Sin discusión. Todos de acuerdo, los de arriba y los de abajo, con la obra de arte hecha ayer por Fernando Adrián, un joven torero que se formó en la escuela de Arganda del Rey de la Fundación El Juli y que ayer en las Ventas mostró cómo se torea al natural a un bravo y encastado toro que le tocó en suerte en la corrida de Beneficencia.
Este torero madrileño ya dio muestras de su deseo por exponer su forma de entender el arte de torear, llegando incluso a ser exigido por el tendido que acabara con el animal y no continuara el sainete de aburrimiento frente el tercero de la tarde y que destapó el frasco de las esencias ante el que cerró encierro y corrida.
Comenzó su faena con pases cambiados por la espalda, para luego fajarse en extraordinaria serie al natural. La figura enhiesta, erguida, tiesa como un palo, sin doblez ni forzando, giraba en el sitio sobre sus talones y componiendo el pase con señera delicadeza. Otro cambio de embestida al burel al dársele por la espalda, ligando con uno de pecho de trazo circular que puso la plaza en pie.

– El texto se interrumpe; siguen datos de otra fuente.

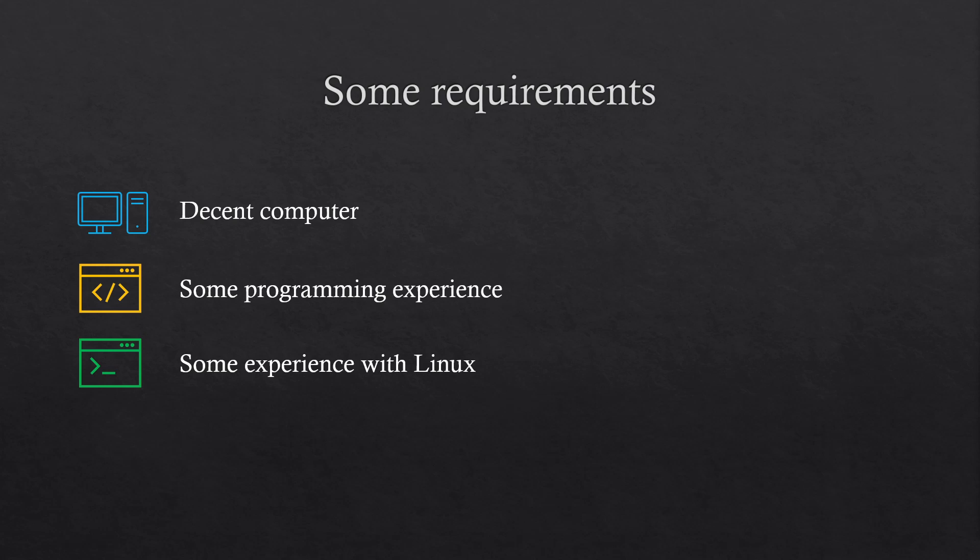You also need some programming experience. You don't need to be a professional, but I won't explain every line of code that I'll be writing. I will more explain what we actually do with lines of code, so I won't explain what a string is and so on. Last but not least, it's good if you have some experience with the Linux terminal, as we will be using it a lot.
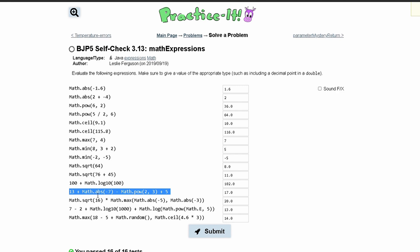This next one, first we have 13 plus Math.absolute value of negative 7 so we'll have 20 minus Math.pow, and then we have 2 cubed so it's going to be 8. 20 minus 8 so far is going to give us 12, and then we add 5 so that gives us 17. The Math.pow and absolute value makes it a double so we'll have 17.0.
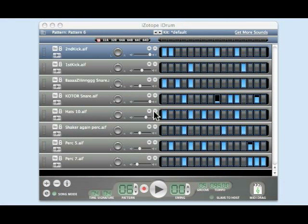Hello and a very warm welcome to this edition of Mac Junction. What I'm going to do this time round is show you a piece of software called iDrum.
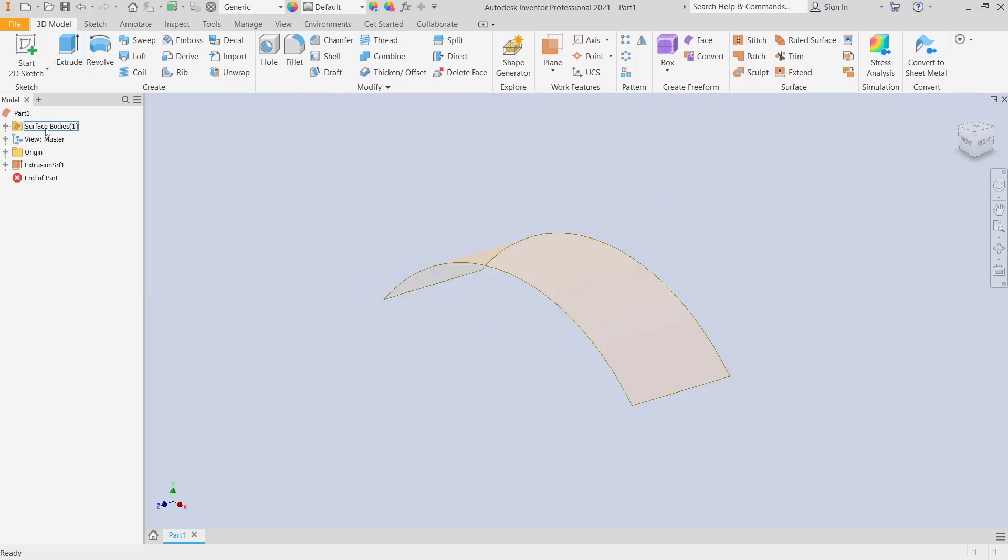You can see we have the surface bodies. If you want to change into solid, you can use this thicken tool.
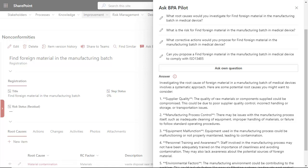ChatGPT has introduced the use of Generative AI with global success. BPA Pilot leverages Generative AI to simplify quality management and help quality teams and end users investigate non-conformities, plan actions, and propose content to comply with regulations.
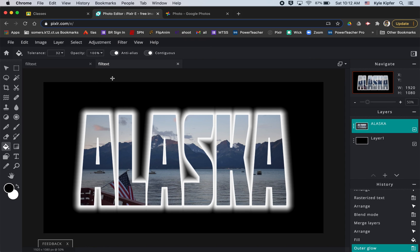All right guys, hope you have fun with this lesson and get creative with your own picture filled text.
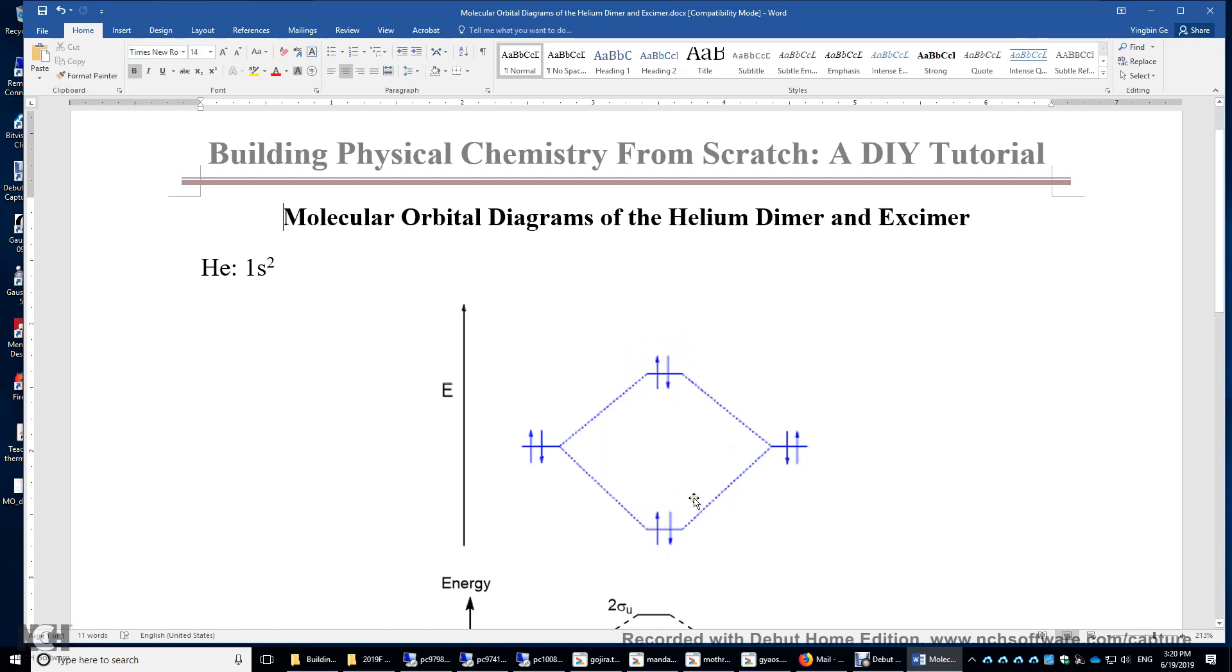The bond order is 2 minus 2 divided by 2, you get 0. Again, you have two bonding electrons, two antibonding electrons. The bond order is 0.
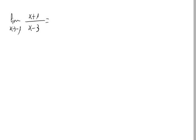The limit when x approaches a value is where the function gets near when x is near minus 1, but not exactly minus 1. That is the definition of the limit.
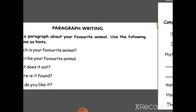Then the next topic is paragraph writing. You are given the topic: your favorite animal. Use the following questions as hints. First: which is your favorite animal? My favorite animal is... Describe your favorite animal — how does it look? How many legs does it have, what color is it, where does it live? What does it eat? Where is it found? Why do you like it? When you answer all these questions, a paragraph will form automatically. Write a minimum of 8 lines on this topic.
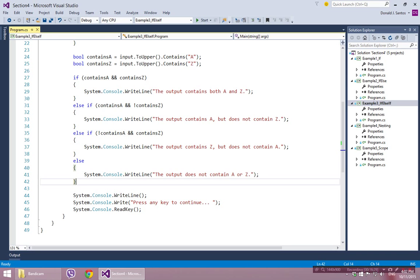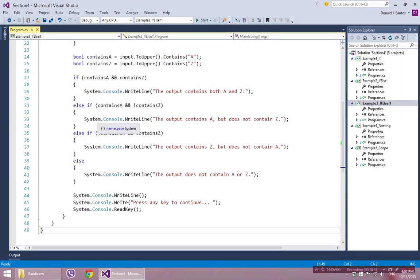Before we go on to example 4, if anything in examples 1, 2, and 3 doesn't make sense, review it over and over and debug through it as many times as you can until you have it completely mastered. That's going to be important going forward — if you don't understand how to navigate these logical constructs, you'll get lost later. As you'll see in the next example when we do nesting, it's based on this and gets more complex. Make sure you have this mastered before moving on.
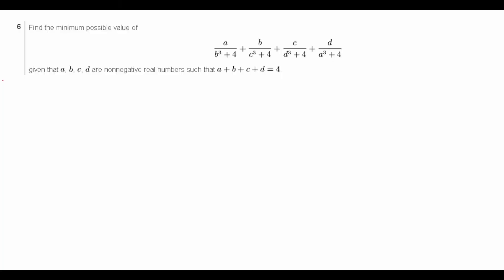Hi guys, it's Daniel here. Since last week I didn't create a video because of the USIMO, this week I'm going to create two videos to make up for it. This is the second video, and I'm going to talk about 2017 USIMO number 6 this time.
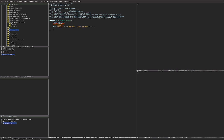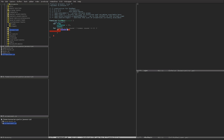We need a condition — here's how it looks. First, we check if counter modulo 3 equals zero, or if counter modulo 5 equals zero.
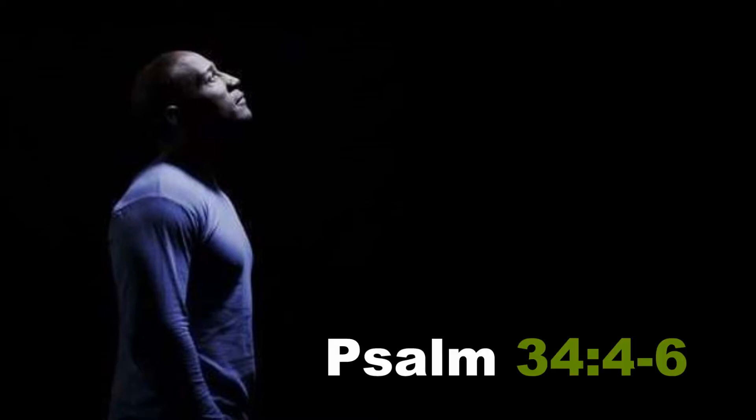The word of the Lord says in Psalms chapter 34: I sought the Lord and he heard me and delivered me from all my fears. They looked to him and were radiant, and their faces were not ashamed. This poor man cried and the Lord heard him and saved him out of all his troubles.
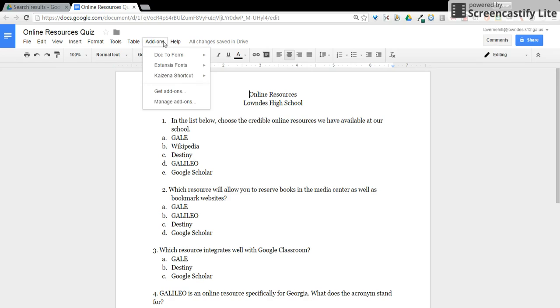I'll be using the add-on called Doc to Form. This can be installed from the Chrome Web Store.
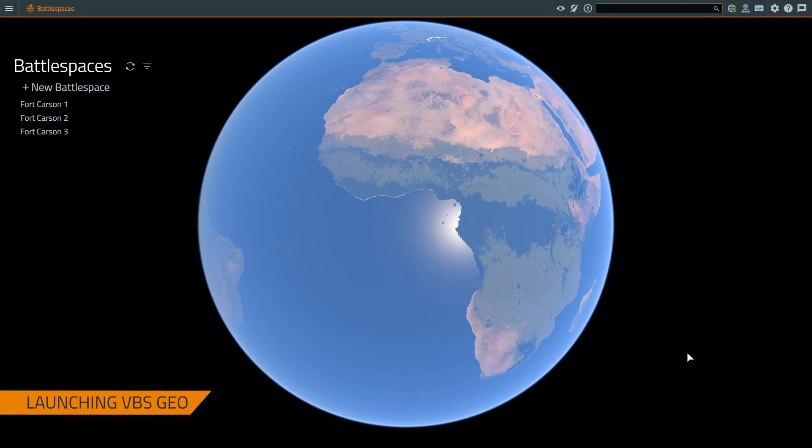Hi, I'm Ross from the GEO team, and today I'm going to give you a brief introduction to VBS GEO, the new terrain editor in VBS 4.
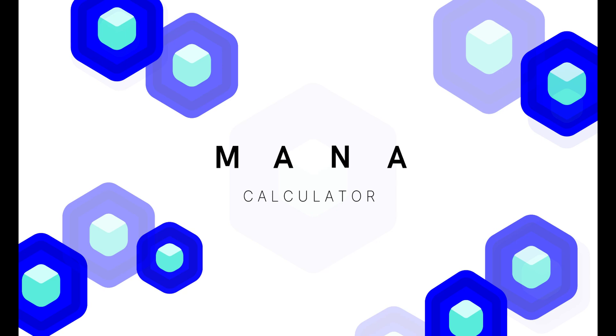Welcome, everybody. Today, we want to take you on a tour of our mana calculator to uncover all the ways it can empower your journey in the Shimmer and the future IOTA 2.0 network.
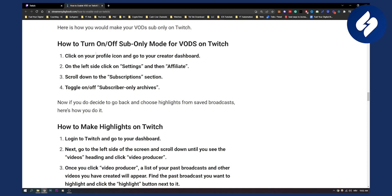Now first of all, click on your profile icon, go to your creator dashboard, and then on the left side click on Settings and then Affiliate. Scroll down to the Subscriptions section, and then you can toggle on or off subscriber-only archives.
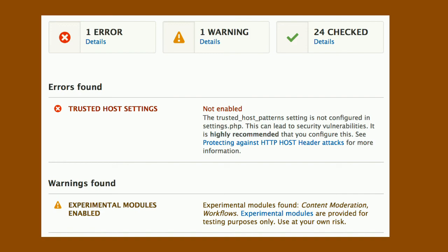Based on the hands up at the start, we've been very successful scaring people away from running experimental modules in production. That's good because we've been making really big breaking changes. For example, if you enable content moderation in 8.2 and try to update to 8.3, you get a fatal error in your update with no way out — it's impossible to continue. So you should not do that on your production sites.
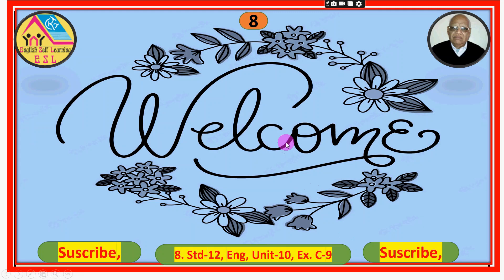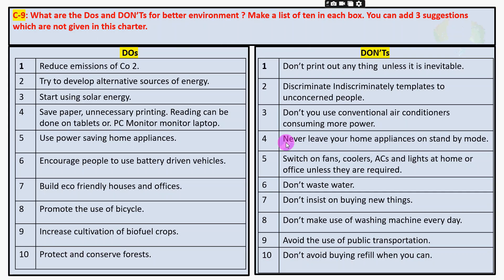Hello friends, this is video number 8, standard 10th English, unit 10, exercise C9. Let us see what are the do's and don'ts for better environment. Make a list of 10 in each box.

Rubricó con estocada entera y las dos orejas, merecidas, cayeron en su esportón, abriendo por segunda vez en pocos días la puerta grande de las Ventas, siendo aclamado con gritos de «torero, torero».
Seguí la corrida de beneficencia por la televisión, y estaba pasando casi, casi sin pena ni gloria, con chispas más que destacadas de Castella y Emilio de Justo, luchador contra el viento y la marea, cuando ante el último de la tarde un Juan Pedro Domecq, noble, bravo y repetidor, llegó la manera en la que un joven torero de Madrid puso de acuerdo a tirios y a troyanos, al Rey y a Roque, al que mira y al que ve con una composición bella y poderosa en la mano izquierda, esa de la que decían los viejos donde estaban los duros y los billetes para un torero.
Su esfuerzo mereció la pena en el homenaje y recuerdo a Iván Fandiño.